→ Exercise brief
Only one span of the listing below should come back. It runs from the line with "Express Button Down - Picture 1 of 2" through the line with "10130 SYCAMORE HOLLOW LN", and each of its lines must be reproduced exactly.

→ Data in this exercise
——————
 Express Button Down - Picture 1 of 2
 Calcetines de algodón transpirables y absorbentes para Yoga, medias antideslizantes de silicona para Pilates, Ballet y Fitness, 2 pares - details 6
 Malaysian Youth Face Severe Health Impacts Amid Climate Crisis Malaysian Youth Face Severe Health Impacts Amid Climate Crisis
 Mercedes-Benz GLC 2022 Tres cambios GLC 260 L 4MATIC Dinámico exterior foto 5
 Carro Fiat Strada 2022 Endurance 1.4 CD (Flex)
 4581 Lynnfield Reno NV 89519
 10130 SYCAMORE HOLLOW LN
——————
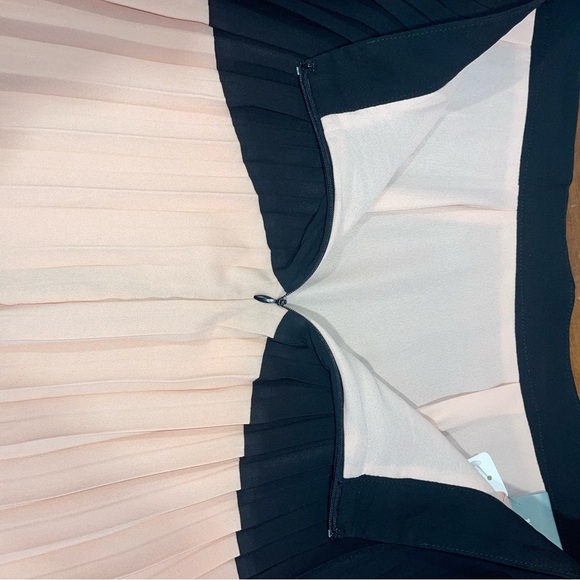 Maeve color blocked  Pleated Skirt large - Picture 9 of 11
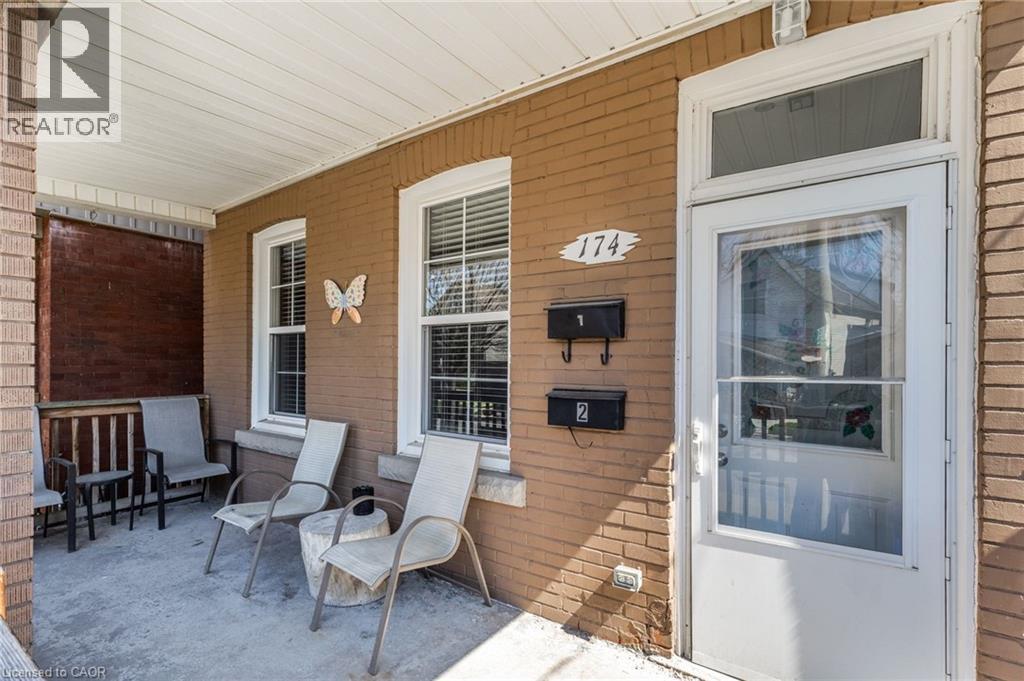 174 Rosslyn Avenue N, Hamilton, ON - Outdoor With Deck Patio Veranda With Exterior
——————
→ Written answer
 Express Button Down - Picture 1 of 2
 Calcetines de algodón transpirables y absorbentes para Yoga, medias antideslizantes de silicona para Pilates, Ballet y Fitness, 2 pares - details 6
 Malaysian Youth Face Severe Health Impacts Amid Climate Crisis Malaysian Youth Face Severe Health Impacts Amid Climate Crisis
 Mercedes-Benz GLC 2022 Tres cambios GLC 260 L 4MATIC Dinámico exterior foto 5
 Carro Fiat Strada 2022 Endurance 1.4 CD (Flex)
 4581 Lynnfield Reno NV 89519
 10130 SYCAMORE HOLLOW LN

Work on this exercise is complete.